> PROBLEM DESCRIPTION:
Word for word, copy the lines beginning at the one with "EXCALIBER FINGER FUN" and ending at the last line below; pictures stay out.

> THE DATA:
■ ■ ■ ■ ■

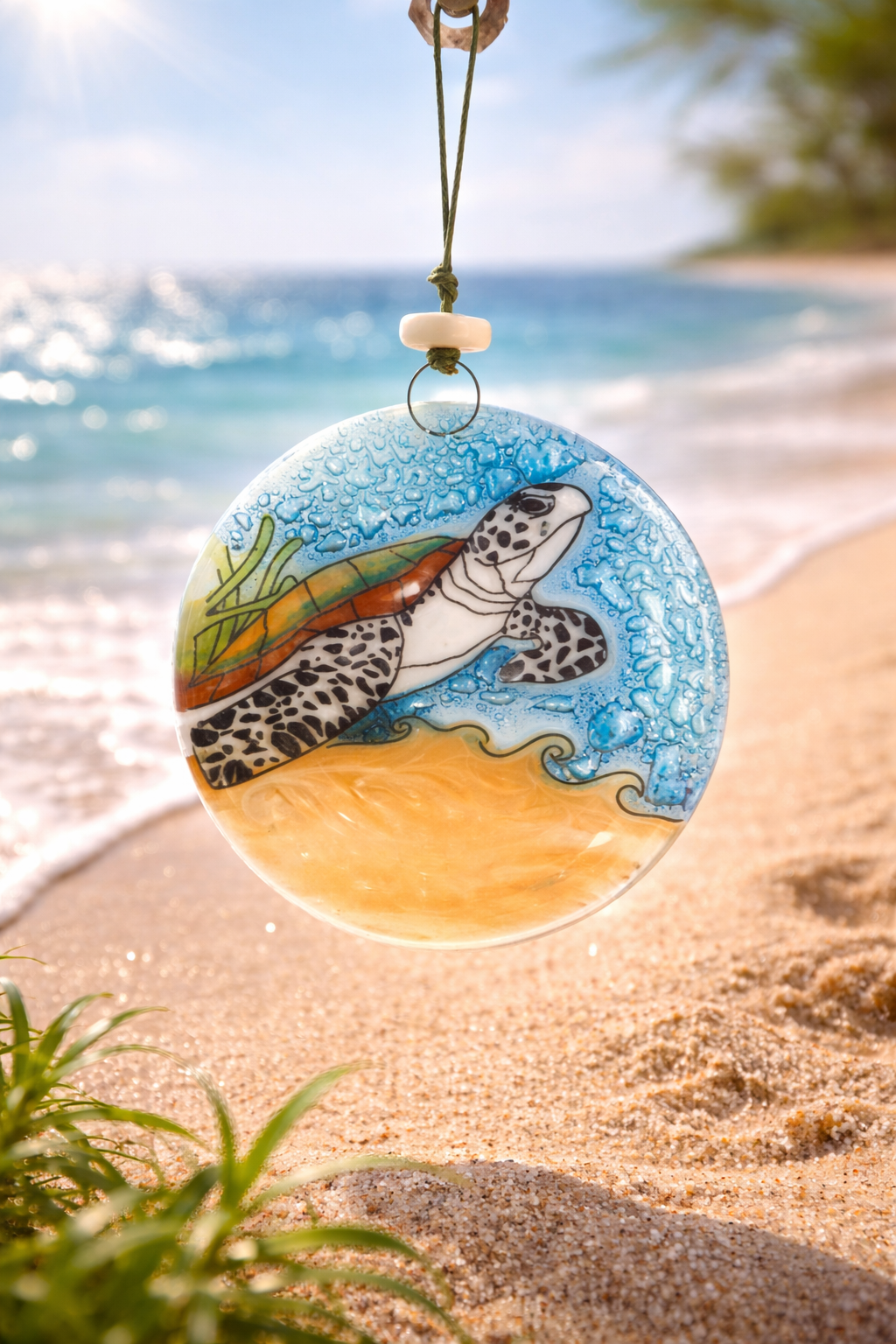 Atrapasol de vidrio pintado a mano con diseños de naturaleza y mar – decoración colgante artesanal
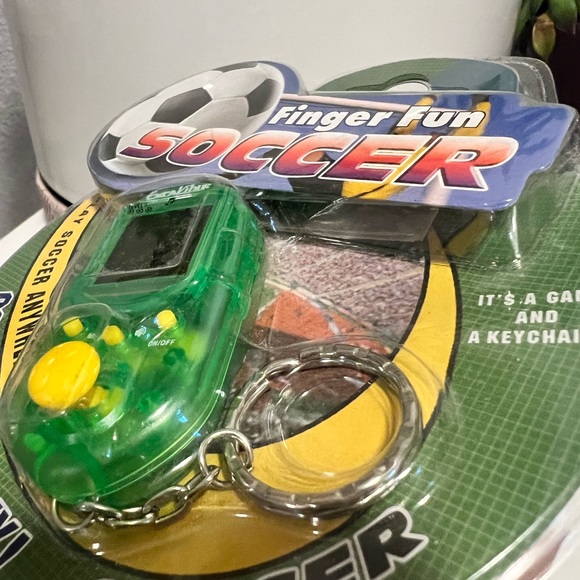 EXCALIBER FINGER FUN ELECTRONIC GAME BASKETBALL- Soccer -Racing- Snowboarding - Picture 6 of 11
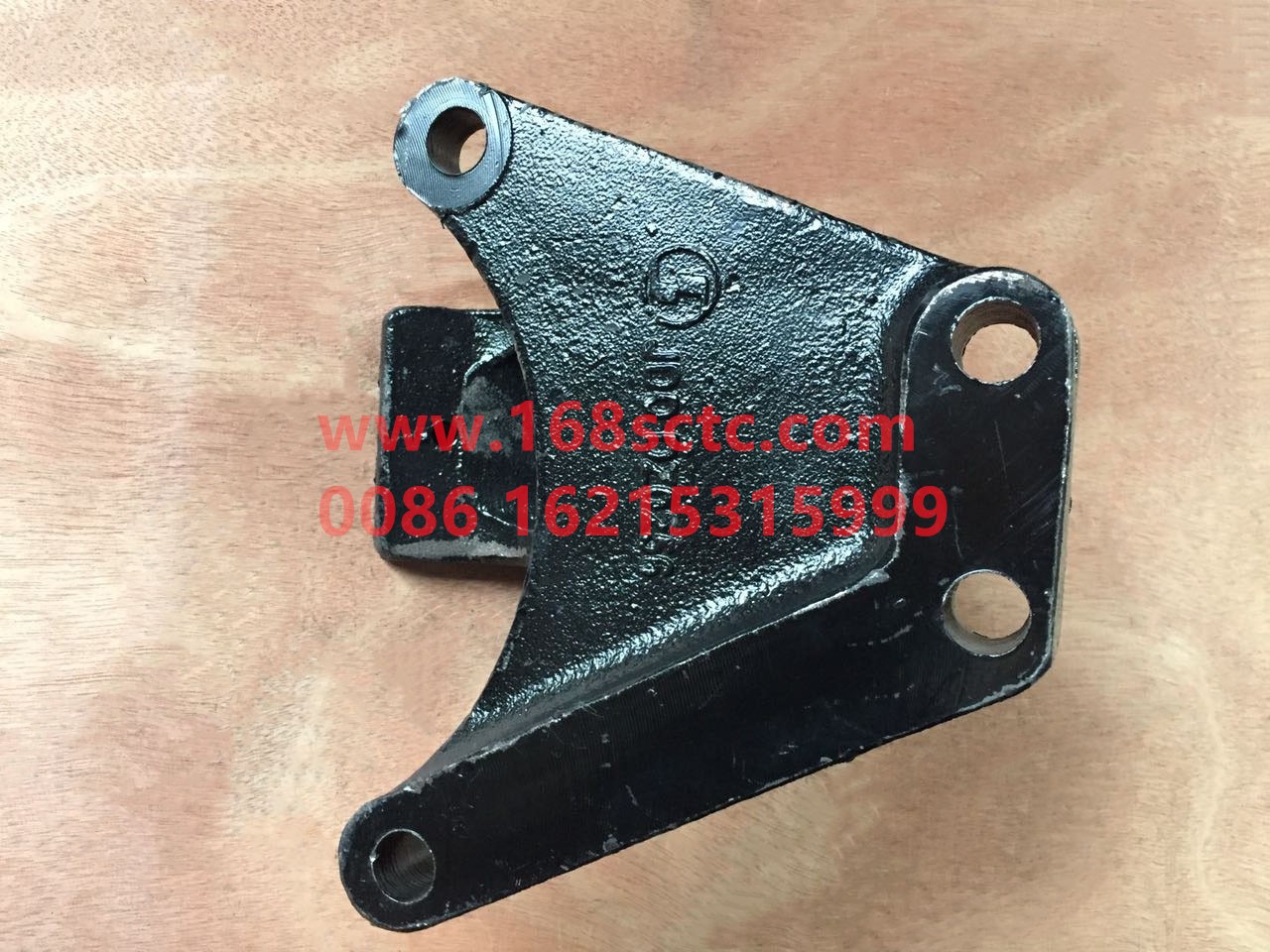 DZ95259590256-SHACMAN-Engine bracket right front-DeLongF3000 2015Kuan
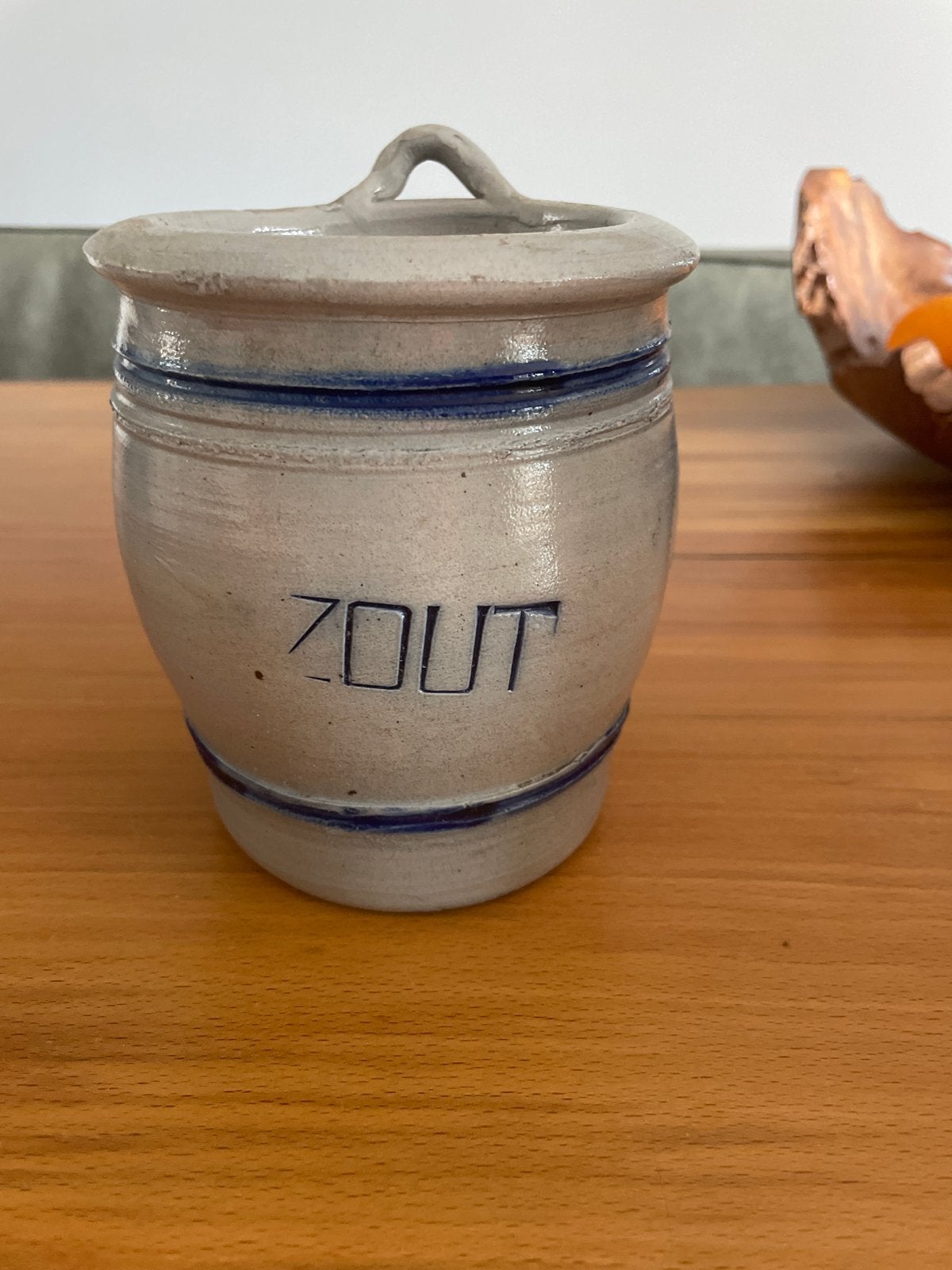 Vintage Aardewerk Zoutpot met Blauwe Banden, Antiek en Kunst, Antiek | Keramiek en Aardewerk, Ophalen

■ ■ ■ ■ ■

> ANSWER AREA:
 EXCALIBER FINGER FUN ELECTRONIC GAME BASKETBALL- Soccer -Racing- Snowboarding - Picture 6 of 11
 DZ95259590256-SHACMAN-Engine bracket right front-DeLongF3000 2015Kuan
 Vintage Aardewerk Zoutpot met Blauwe Banden, Antiek en Kunst, Antiek | Keramiek en Aardewerk, Ophalen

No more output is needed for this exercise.